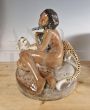 Goldscheider ceramic sculpture with girl and leopard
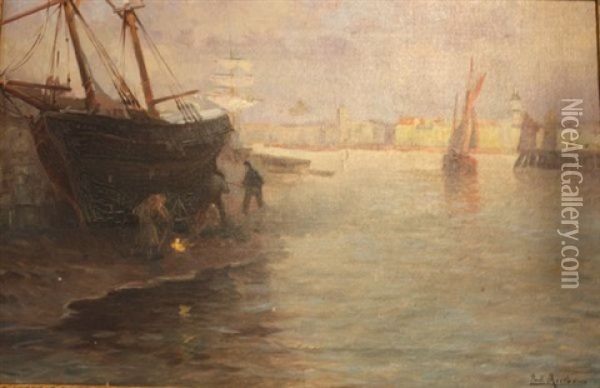 Le Port Oil Painting - Paul Bernard Morchain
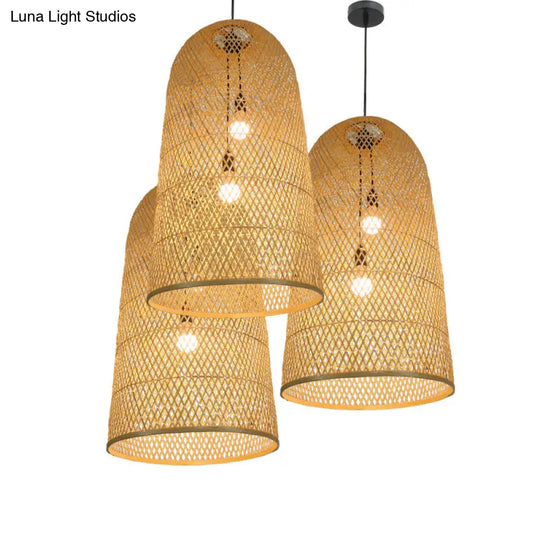 Bamboo Elongated Pendant Chandelier Asian 2 Lights Wood Drop Lamp For Living Room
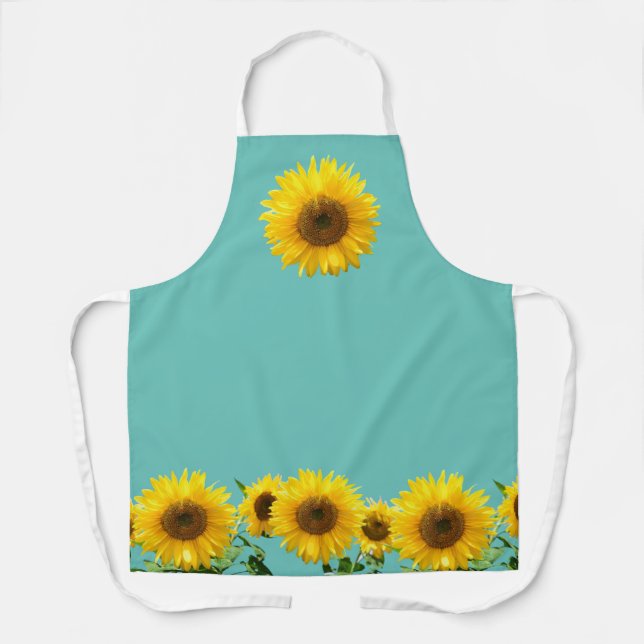 Delantal Girasoles sobre turquesa teal (Anverso)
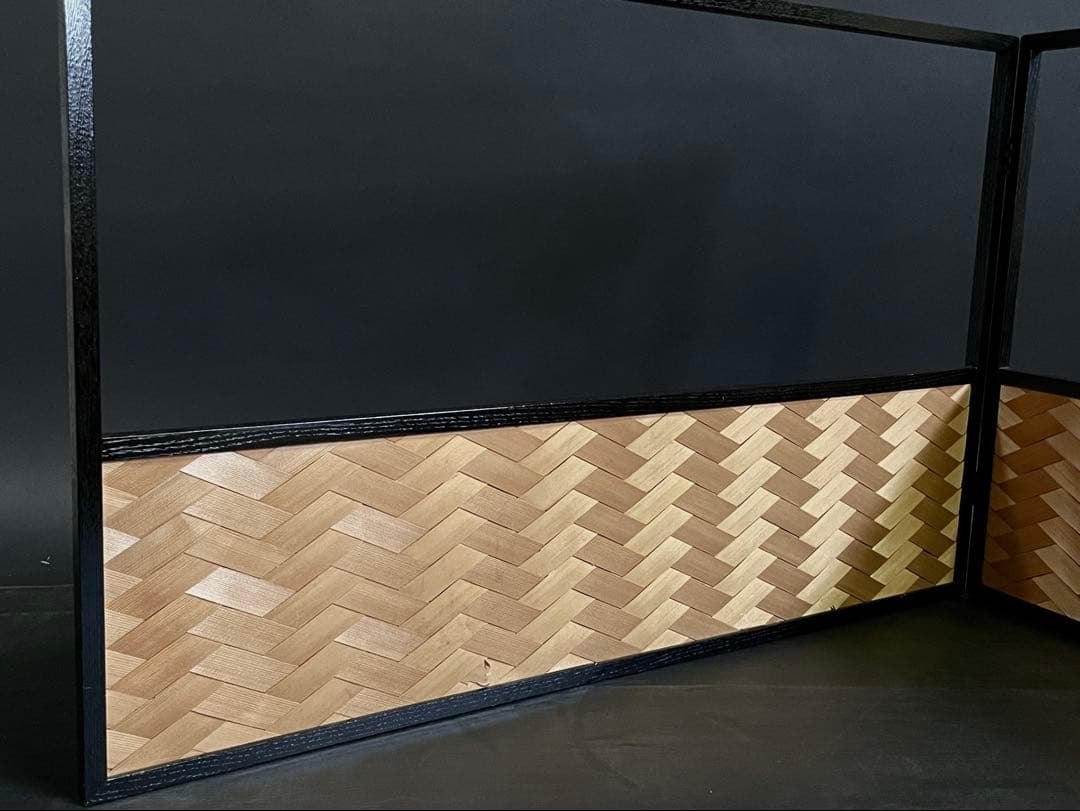 「祖」 雲鵬 網代 両面使い 風炉先屏風 上透かし 江戸間 茶道具 （120②）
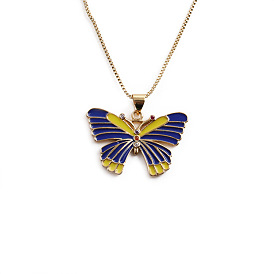 Vintage Butterfly Necklace Copper Oil Drop Minimalist Pendant Jewelry for Women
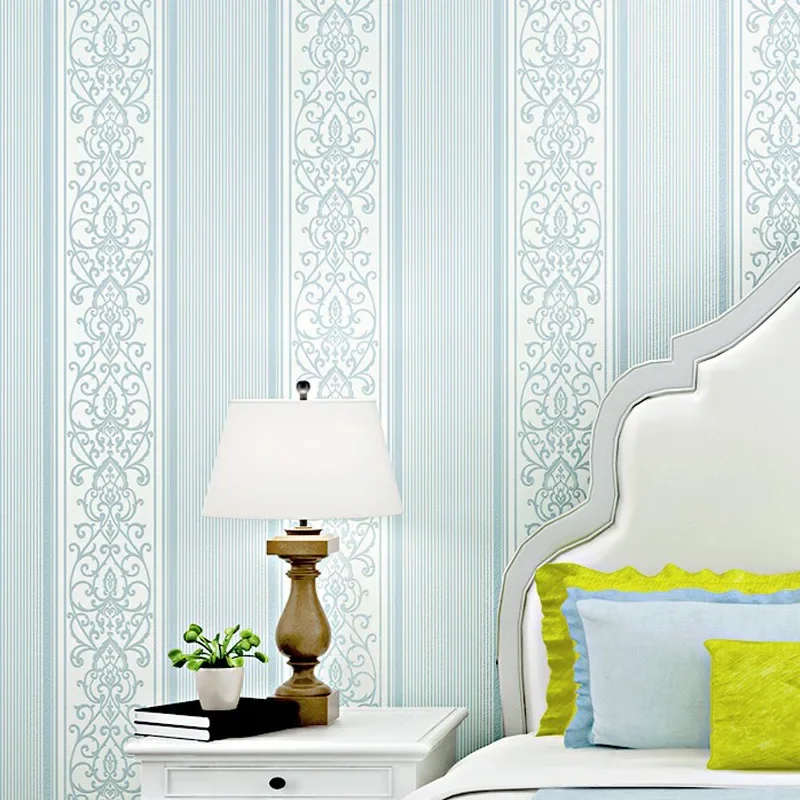 European Style Non Woven Wallpaper Bedroom Living Room Wallpaper 3D Vertical Stripe Home Warm Decor TV Background Wall Simple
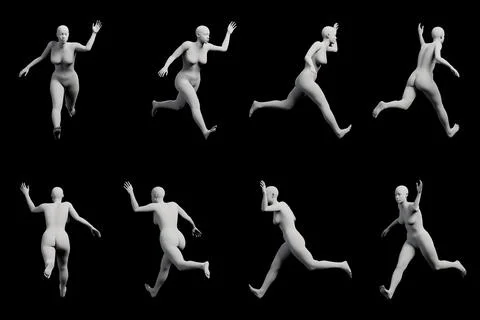 Female figure model running in a studio Stock Illustration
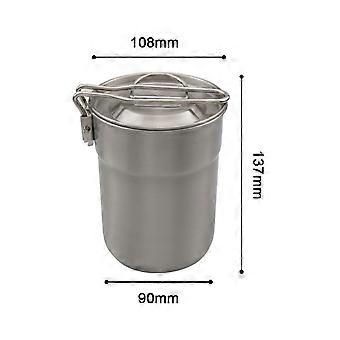 Camping Cup Stainless Steel Coffee Mug Portable Cooking Pot 1L with Lid Folding Handle for Camping Picnic Hiking Backpacking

● **Task objective**
Write out the data above exactly as it appears, but without any image.

● **Output below**
 Goldscheider ceramic sculpture with girl and leopard
 Le Port Oil Painting - Paul Bernard Morchain
 Bamboo Elongated Pendant Chandelier Asian 2 Lights Wood Drop Lamp For Living Room
 Delantal Girasoles sobre turquesa teal (Anverso)
 「祖」 雲鵬 網代 両面使い 風炉先屏風 上透かし 江戸間 茶道具 （120②）
 Vintage Butterfly Necklace Copper Oil Drop Minimalist Pendant Jewelry for Women
 European Style Non Woven Wallpaper Bedroom Living Room Wallpaper 3D Vertical Stripe Home Warm Decor TV Background Wall Simple
 Female figure model running in a studio Stock Illustration
 Camping Cup Stainless Steel Coffee Mug Portable Cooking Pot 1L with Lid Folding Handle for Camping Picnic Hiking Backpacking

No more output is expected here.